Love Isn’t Everything, Not Anymore
Most love stories begin with a man and a woman, who start the film disliking each other and then fall in love by the end of the last act. We’ve come to accept this as some kind of disillusioned childhood gospel, and growing up, that feeling we had as she and he kissed and would be together forever became something we wanted to find for ourselves.
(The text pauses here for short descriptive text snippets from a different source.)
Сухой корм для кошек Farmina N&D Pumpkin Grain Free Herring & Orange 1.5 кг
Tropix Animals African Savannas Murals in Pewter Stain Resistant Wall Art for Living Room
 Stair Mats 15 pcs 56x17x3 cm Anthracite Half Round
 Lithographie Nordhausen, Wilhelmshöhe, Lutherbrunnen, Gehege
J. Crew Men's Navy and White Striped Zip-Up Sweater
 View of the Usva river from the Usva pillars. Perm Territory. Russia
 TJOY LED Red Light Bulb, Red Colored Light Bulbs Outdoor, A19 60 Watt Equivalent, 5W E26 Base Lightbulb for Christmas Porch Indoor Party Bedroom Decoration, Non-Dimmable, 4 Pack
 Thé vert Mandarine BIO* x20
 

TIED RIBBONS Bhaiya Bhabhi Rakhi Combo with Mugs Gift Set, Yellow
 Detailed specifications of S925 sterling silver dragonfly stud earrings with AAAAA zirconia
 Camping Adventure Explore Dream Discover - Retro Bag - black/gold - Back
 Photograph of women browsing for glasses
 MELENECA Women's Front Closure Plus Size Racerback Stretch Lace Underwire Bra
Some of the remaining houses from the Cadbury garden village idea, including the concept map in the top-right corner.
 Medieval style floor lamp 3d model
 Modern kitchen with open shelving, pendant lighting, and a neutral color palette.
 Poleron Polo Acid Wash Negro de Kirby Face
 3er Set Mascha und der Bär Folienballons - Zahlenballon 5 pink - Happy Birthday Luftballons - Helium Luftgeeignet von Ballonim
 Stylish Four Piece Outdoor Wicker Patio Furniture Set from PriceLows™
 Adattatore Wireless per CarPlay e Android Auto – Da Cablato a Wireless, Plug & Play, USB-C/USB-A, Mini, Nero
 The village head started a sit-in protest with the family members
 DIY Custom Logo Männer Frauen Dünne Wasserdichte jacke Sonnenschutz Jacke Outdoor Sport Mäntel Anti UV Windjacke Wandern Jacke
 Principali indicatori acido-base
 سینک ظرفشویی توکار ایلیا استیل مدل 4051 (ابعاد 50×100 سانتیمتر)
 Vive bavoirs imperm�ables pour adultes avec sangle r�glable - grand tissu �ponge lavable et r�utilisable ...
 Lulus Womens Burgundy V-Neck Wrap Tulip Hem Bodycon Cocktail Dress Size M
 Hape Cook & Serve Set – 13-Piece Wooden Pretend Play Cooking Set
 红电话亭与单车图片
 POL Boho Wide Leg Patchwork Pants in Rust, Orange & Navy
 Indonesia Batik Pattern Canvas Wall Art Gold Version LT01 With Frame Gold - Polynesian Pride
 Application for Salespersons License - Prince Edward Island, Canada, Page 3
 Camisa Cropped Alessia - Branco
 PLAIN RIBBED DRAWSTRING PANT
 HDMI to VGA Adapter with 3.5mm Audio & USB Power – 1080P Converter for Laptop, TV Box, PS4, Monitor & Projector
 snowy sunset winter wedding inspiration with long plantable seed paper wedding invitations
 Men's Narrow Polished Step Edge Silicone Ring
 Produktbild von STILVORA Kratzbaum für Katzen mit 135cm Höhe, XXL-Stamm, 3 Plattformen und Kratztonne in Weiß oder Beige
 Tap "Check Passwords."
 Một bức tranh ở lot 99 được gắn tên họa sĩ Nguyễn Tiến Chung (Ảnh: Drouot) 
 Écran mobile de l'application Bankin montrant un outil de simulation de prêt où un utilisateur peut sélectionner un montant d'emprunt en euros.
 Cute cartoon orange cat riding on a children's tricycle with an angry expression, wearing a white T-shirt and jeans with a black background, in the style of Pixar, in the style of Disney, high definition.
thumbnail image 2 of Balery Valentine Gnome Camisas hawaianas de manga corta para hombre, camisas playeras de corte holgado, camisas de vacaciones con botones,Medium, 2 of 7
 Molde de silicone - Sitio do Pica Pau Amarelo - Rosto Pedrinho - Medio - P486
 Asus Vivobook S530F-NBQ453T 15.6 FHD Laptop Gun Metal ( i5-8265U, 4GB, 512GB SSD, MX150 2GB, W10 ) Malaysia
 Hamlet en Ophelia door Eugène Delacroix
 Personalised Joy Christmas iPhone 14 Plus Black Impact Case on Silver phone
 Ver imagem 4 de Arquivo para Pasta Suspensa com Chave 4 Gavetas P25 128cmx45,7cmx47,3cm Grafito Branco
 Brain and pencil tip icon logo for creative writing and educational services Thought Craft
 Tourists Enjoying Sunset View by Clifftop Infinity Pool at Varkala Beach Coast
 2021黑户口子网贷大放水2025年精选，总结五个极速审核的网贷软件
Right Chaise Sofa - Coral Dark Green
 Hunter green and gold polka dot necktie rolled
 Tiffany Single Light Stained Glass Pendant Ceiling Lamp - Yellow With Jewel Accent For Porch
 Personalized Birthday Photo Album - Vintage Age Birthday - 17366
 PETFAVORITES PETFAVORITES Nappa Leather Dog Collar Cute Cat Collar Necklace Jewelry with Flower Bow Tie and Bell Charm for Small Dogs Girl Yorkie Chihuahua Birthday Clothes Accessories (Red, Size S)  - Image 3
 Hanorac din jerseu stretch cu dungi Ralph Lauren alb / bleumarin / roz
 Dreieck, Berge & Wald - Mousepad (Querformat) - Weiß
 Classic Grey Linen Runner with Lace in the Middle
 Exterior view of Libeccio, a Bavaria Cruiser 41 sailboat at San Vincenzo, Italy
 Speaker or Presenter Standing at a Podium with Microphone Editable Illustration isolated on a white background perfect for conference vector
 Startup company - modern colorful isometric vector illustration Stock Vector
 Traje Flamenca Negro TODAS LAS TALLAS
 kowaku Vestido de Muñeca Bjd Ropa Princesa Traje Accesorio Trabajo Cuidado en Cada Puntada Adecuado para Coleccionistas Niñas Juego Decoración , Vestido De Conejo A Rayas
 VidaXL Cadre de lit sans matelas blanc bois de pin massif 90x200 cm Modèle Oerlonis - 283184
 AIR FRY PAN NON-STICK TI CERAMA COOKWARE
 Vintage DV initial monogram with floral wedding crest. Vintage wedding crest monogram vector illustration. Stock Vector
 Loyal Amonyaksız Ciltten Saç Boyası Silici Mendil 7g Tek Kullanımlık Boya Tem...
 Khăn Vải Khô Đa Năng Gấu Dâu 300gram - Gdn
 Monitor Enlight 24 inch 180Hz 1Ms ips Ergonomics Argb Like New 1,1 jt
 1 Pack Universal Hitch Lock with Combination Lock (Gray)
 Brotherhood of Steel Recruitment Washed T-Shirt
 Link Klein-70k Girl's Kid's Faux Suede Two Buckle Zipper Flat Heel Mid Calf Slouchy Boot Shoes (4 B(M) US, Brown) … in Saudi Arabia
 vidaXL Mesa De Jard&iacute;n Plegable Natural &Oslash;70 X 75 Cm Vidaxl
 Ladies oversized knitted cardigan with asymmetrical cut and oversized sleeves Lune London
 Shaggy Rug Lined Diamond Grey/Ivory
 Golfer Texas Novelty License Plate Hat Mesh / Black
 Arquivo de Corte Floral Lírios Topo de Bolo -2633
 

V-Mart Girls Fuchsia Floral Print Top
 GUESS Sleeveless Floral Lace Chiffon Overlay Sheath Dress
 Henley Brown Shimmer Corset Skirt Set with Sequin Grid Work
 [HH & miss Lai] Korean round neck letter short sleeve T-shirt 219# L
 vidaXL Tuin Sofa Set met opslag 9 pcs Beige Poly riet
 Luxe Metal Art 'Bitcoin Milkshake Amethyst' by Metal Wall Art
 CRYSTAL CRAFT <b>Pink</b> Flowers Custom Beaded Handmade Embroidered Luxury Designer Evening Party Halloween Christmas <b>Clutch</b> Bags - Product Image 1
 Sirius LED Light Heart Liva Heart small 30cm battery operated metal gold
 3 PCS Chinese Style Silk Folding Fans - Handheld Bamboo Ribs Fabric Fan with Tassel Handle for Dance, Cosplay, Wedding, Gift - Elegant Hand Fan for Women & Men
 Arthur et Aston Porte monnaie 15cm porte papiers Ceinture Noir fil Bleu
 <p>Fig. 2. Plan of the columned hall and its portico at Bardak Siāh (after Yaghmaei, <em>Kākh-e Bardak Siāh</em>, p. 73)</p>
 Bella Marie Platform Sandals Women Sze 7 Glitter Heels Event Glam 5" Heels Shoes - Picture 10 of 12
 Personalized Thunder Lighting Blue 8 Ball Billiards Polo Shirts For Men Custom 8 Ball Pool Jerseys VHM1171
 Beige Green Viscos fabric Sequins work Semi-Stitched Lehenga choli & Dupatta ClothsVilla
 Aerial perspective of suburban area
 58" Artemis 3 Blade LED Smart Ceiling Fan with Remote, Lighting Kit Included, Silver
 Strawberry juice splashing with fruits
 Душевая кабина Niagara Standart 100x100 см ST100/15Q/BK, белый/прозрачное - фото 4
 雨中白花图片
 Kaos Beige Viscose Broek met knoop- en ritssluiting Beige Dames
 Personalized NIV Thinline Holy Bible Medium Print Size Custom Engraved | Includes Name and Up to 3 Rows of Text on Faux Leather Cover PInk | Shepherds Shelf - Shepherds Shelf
But love isn’t everything.
In the moment, sure, we can believe that she and he in the film began their lives together in unison and found that balance of sex and friendship. With their culturally approved jobs, they bought a beautiful house in upstate New York, within walking distance of a train line, that also got them into the city quick enough to go shopping at the weekends but with enough distance that their children will grow up in perfect suburbia with an effective neighbourhood watch. That’s fine in the movies, but not everyone can have this dream.
Love cannot be the basis for everything because the very definition of love itself varies. Sid and Nancy, Monica and Bill, and we all saw the photos of Rhianna’s face. These were all actions of apparent love, whether they were right or not. Love is flimsy and elusive, and we bandied around the word easily to whoever or whatever the recipient.
Since time began, people have believed that love is all-encompassing. As long as you love and are loved, you’ll be fine; all you need is love. But no, the Beatles were wrong. Perhaps in the ’60s, when the baby boom was in full swing, and you could have a mortgage without a job or a deposit, maybe all you did need was love, but now? That can’t be all.
Our lives aren’t so simple anymore. We’re expected to get a good job, meet the right person, get married, buy a house and fill it with laughing cherubs. Then, once we’re accomplished in our field, we’ll retire early and look after our grandchildren while baking an apple pie in the kitchen of the large house we kept living in, instead of downsizing because our children all left to pursue their own lives. This isn’t practical, and the raw and ugly truth is very different.
In reality, all you need is love, a mortgage deposit and no student debt, is likely a more accurate representation of Millennials and Gen Zs.
After leaving college (if we could afford to go in the first place), we’ll get a job to start paying back our student debt, which will undoubtedly be in a company that we didn’t envisage ourselves working at. The degree we studied our butts off for will be left to gather dust in our memories as we cart around the post and make coffee for others. We’ll join some dating websites and figure out quickly that most of our ‘matches’ are saying the exact copied and pasted lines to a dozen others, and we’ll likely get ghosted for no particular reason.
Instead of getting married, we’ll join a succession of clubs around our town and meet a few good friends that we’ll cherish more than anything in the world. Rather than finding ‘the one’, we’ll live in an apartment with a friend because we can’t afford our own place, but the stories we’ll have to tell will be worth the rats and the damp, eventually.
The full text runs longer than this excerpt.